(INPUT RECORDS):
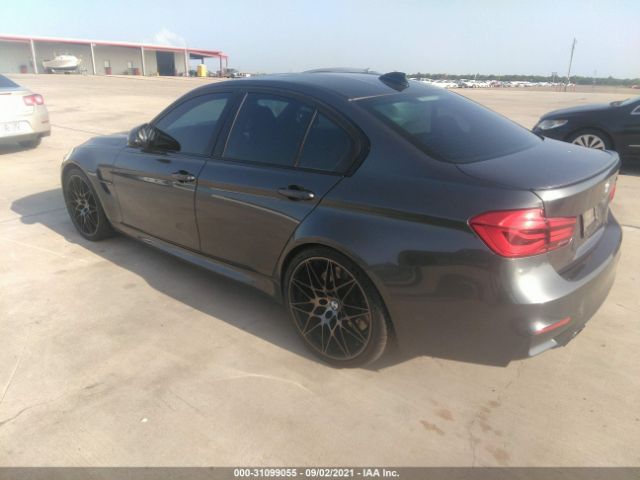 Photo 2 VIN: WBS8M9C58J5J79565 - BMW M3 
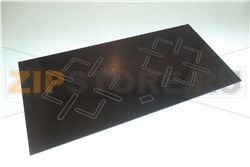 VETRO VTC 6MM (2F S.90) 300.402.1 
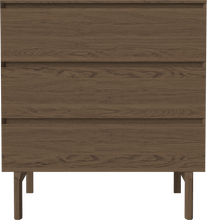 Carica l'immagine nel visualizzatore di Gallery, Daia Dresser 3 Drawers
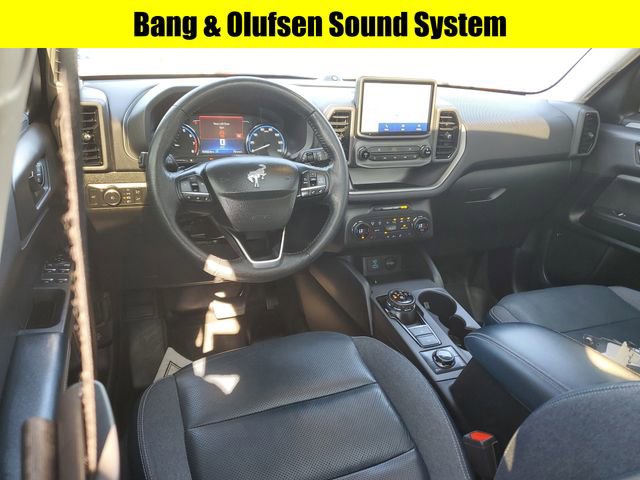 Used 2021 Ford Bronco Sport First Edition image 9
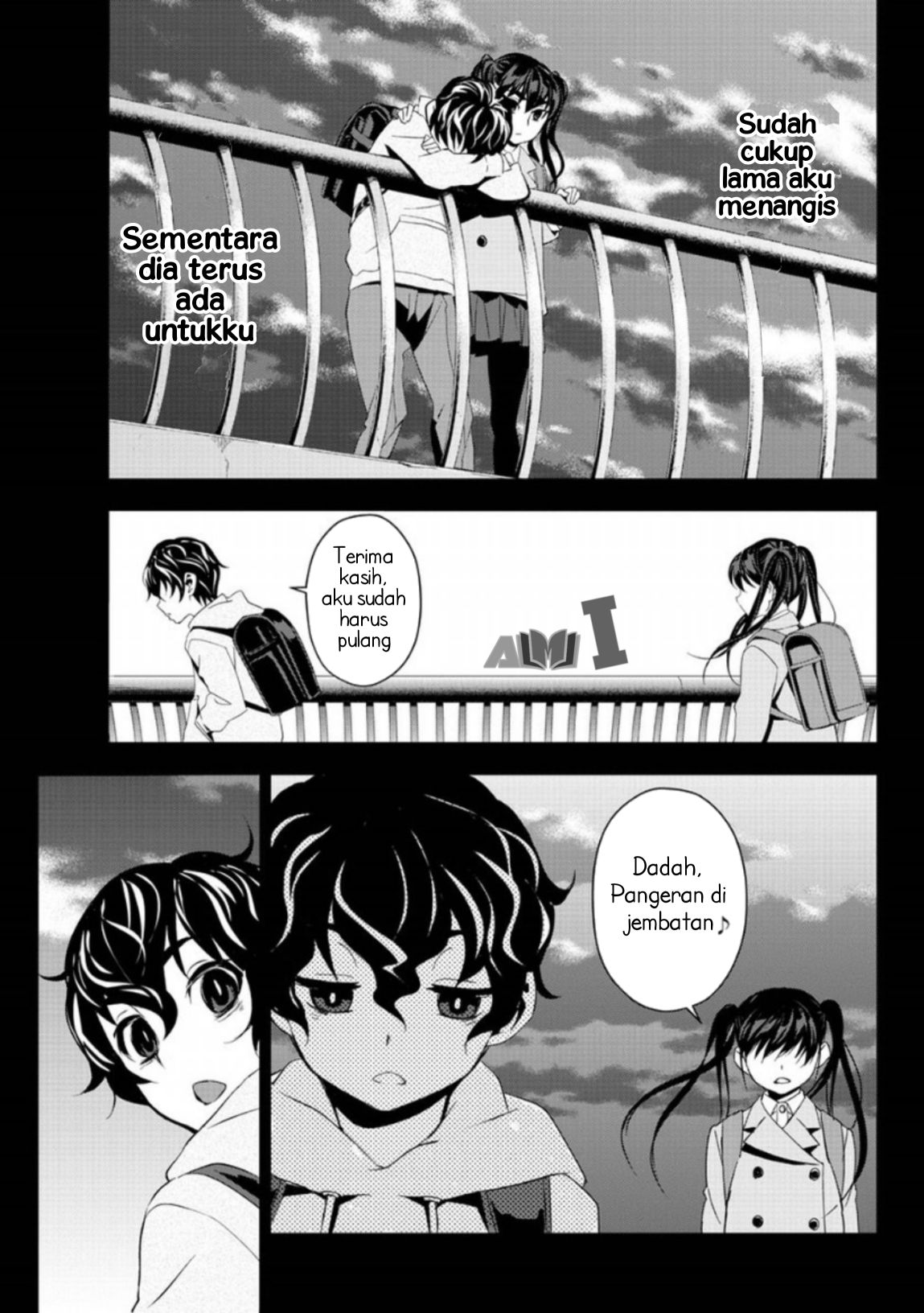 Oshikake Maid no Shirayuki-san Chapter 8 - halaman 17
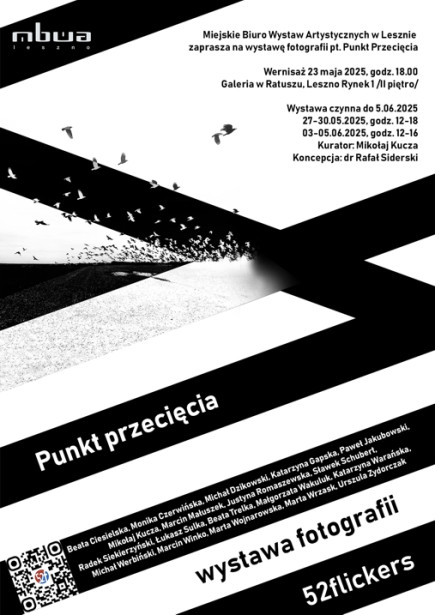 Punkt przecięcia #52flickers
* * *
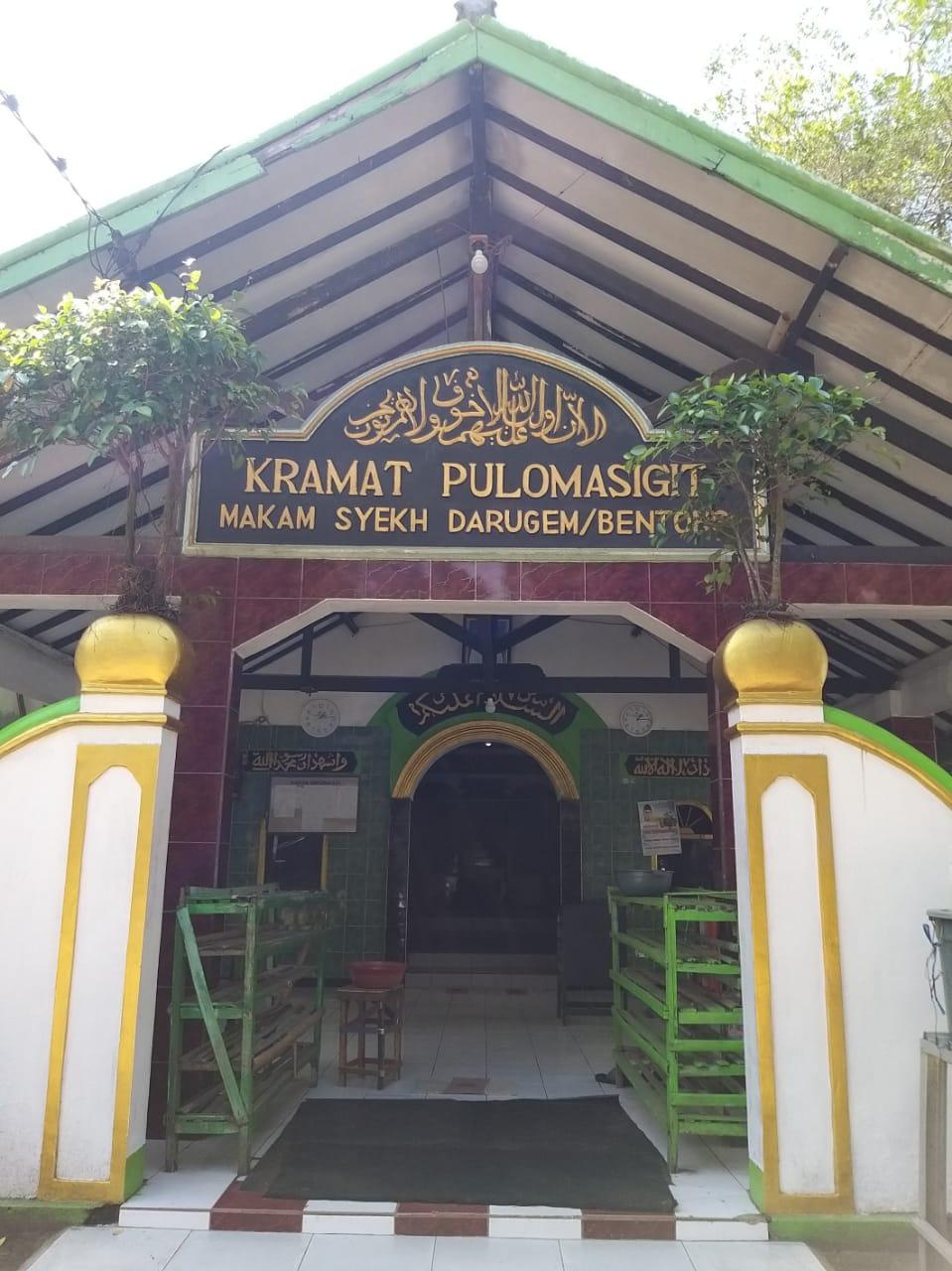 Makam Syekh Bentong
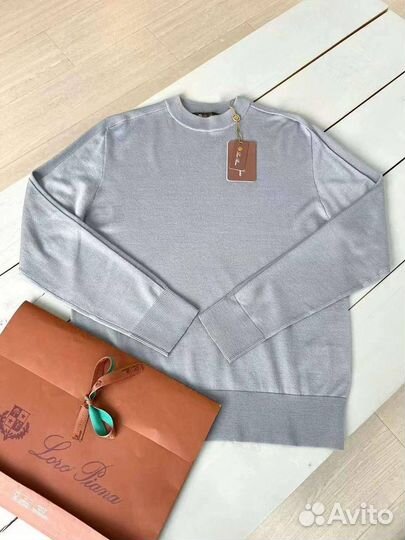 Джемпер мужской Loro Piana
--
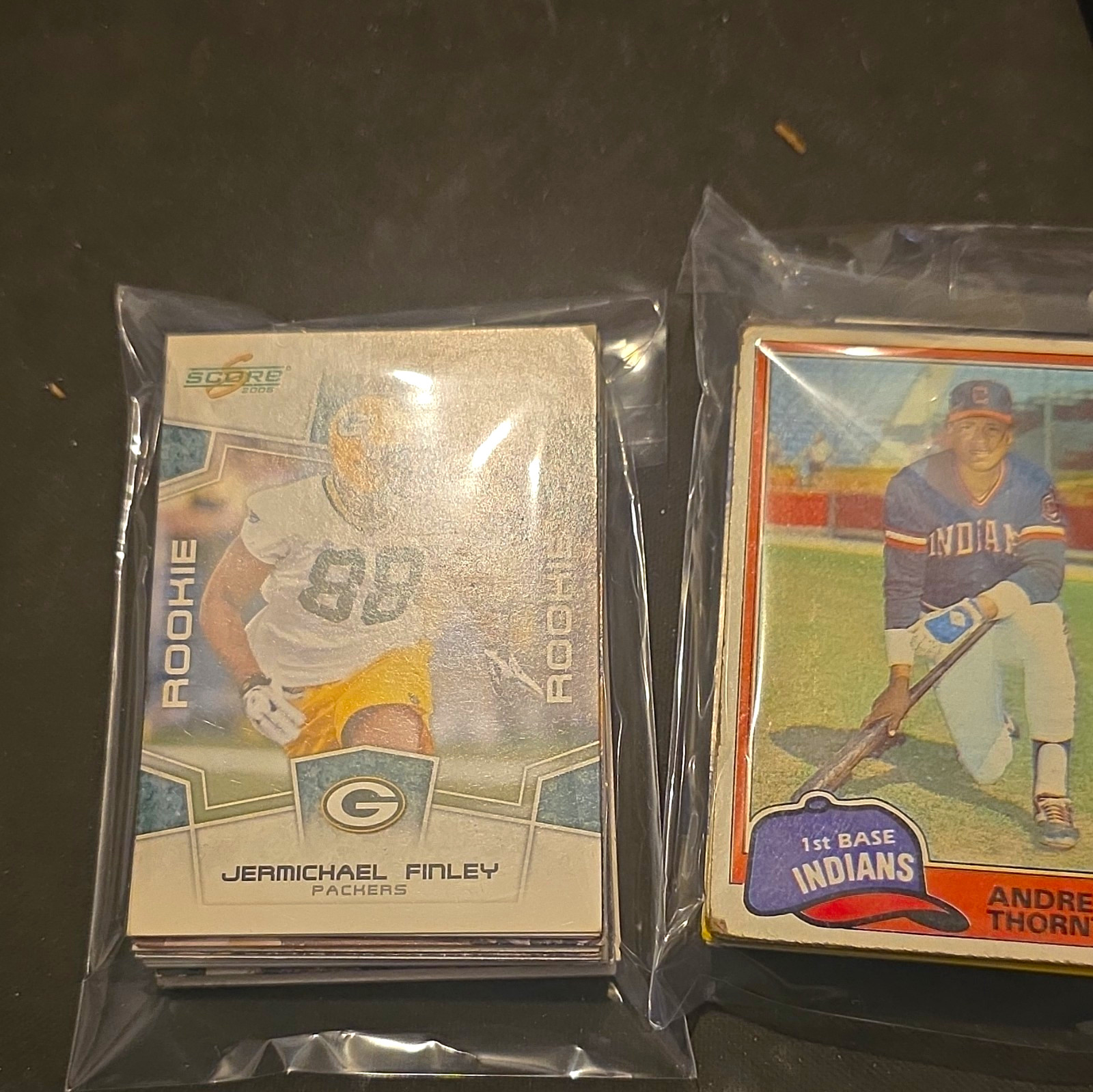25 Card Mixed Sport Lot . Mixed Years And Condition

(WHAT THE TASK ASKS): In the material above, one part opens with the line containing "Photo 2 VIN: WBS8M9C58J5J79565 - BMW M3" and closes with the line containing "Punkt przecięcia #52flickers". Write out that part exactly and skip its pictures.

(SOLUTION TO THIS PROBLEM):
 Photo 2 VIN: WBS8M9C58J5J79565 - BMW M3 
 VETRO VTC 6MM (2F S.90) 300.402.1 
 Carica l'immagine nel visualizzatore di Gallery, Daia Dresser 3 Drawers
 Used 2021 Ford Bronco Sport First Edition image 9
 Oshikake Maid no Shirayuki-san Chapter 8 - halaman 17
 Punkt przecięcia #52flickers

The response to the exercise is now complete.